Обед. Меня вызывают на Бюро. Я догадываюсь: из-за непроведенного мною очередного политзанятия на 9-м отделении. Но так просто, без подготовки проводить занятие я не буду (на подготовку не было и 2 часов) .
25, 26 мая. Состоялось Бюро и собрание, которое Башмачников направлял явно по неправильному пути. Я все-таки не могу считать себя неправой. Убеждена, что поступила правильно. Лучше честно предупредить, что провести занятие невозможно, чем задерживать уставших людей, отнимать дорогое сейчас время. А к сожалению, много еще у нас скучных занятий проводится штатными пропагандистами, не говоря уже о нас, нештатных.

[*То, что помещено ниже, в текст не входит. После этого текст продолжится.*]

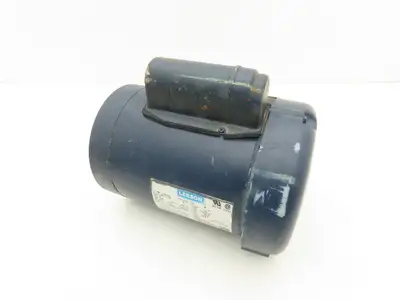 Leeson Electric M6C17FC3M AC Motor 1Hp 1725RPM 115/208-230V 1Ph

Без доказательства и обоснования положения меня не убедишь! А если и впредь продолжат «игру в жмурки», мне остается лишь отложить заветную дату (занятия), ибо то искаженное, что я в данную минуту вижу, не отвечает ни идеалам моим, ни целям и стремлениям.
Мне очень нездоровится, потом допишу.
27 мая. Вечер. Отъезд в лес на заготовку дров. Первая бессонная ночь, комары, комары, комары. Работают здесь все с опухшими, искусанными лицами. Мы, приехавшие, привыкаем к работе. Участок — вагонетки. За начальника остался Кацман Я. М. — советует выбирать бревна полегче. Танец блохи. Адски устаем. Я в бригаде с Казариной и Лелей Степановой. После 3—4 дней работы у меня появилась адская боль в правом предплечье, опухоль, крепитация. Диагноз, поставленный врачом: крепитирующий тендовагинит. Не работаю три дня. Рука в шине. Затем легкие работы: дневалю, работаю на территории. Дни жаркие, комаров — тьма. Приезжает еще партия девушек. Тоже боевое крещение.
10 июня. Поездка за щавелем. Первый раз купалась. Дорога, лес, озера, горы замечательно красивы. Дорога напоминает путь между Сочи и Гагрой.
11 июня. Общий выходной день. Впервые за два года! Жарко. Многие загорали — сгорели. Я тоже заснула на солнце, но ненадолго. Уехал Кацман. Остался политрук Томилов. К вечеру оказалось много больных, озноб, температура — это все от усердного загорания! Чудесная белая ночь. Прохладно, но комаров — масса. Вечером уснула рано, часов в 9. Проснулась от неприятного удушья и тошноты: палатка полна дыма. Это девочки выгоняют комаров, разжигают костры. Я едва выбралась из палатки. Едкий дым вызывает слезы у людей, но лишь оглушение у комаров, они скоро вновь начинают жужжать, летая по палатке. Долго держится запах едкого дыма. Забираюсь с головой под одеяло. Воздуху не хватает, раздвигаю бревна, собственно нары, которые заменяют нам кровати, и относительно свежий воздух попадает в палатку, поднимается от земли. Ночь. Комары. Бессонница. Вновь утро-день и комары, комары, комары…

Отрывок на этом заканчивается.